§ **AIM OF THE TASK**: What is needed is an exact copy of the lines from the one containing "Female mallard Anas" through the last line of the records below, with no pictures.

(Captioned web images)
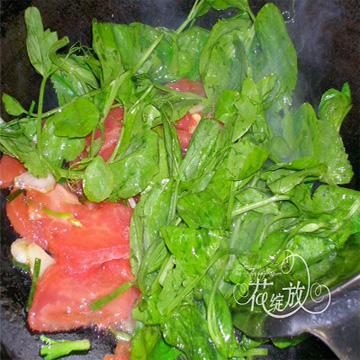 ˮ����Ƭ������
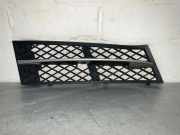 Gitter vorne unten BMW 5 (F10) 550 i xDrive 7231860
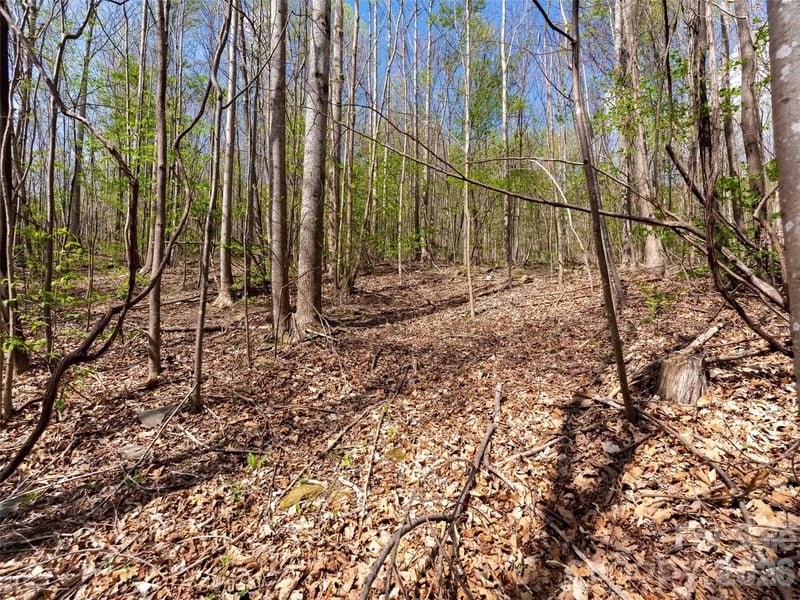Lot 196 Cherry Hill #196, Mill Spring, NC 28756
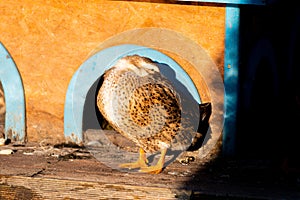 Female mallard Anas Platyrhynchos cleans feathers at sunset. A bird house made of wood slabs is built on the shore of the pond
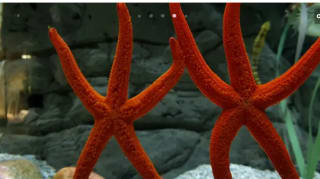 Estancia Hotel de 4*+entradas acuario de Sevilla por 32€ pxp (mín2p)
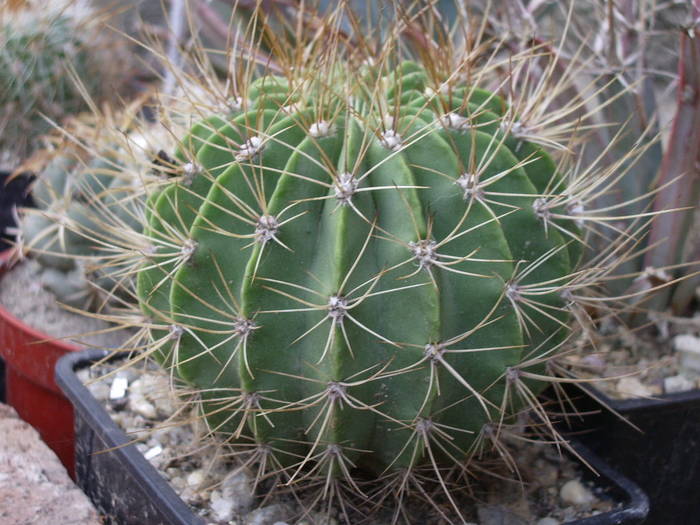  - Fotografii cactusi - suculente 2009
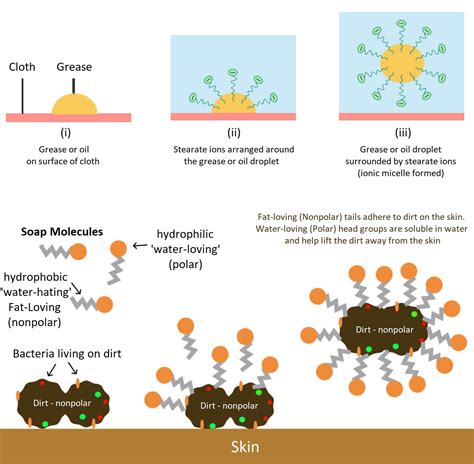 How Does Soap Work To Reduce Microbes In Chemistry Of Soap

§ **SOLVED PROBLEM**:
 Female mallard Anas Platyrhynchos cleans feathers at sunset. A bird house made of wood slabs is built on the shore of the pond
 Estancia Hotel de 4*+entradas acuario de Sevilla por 32€ pxp (mín2p)
  - Fotografii cactusi - suculente 2009
 How Does Soap Work To Reduce Microbes In Chemistry Of Soap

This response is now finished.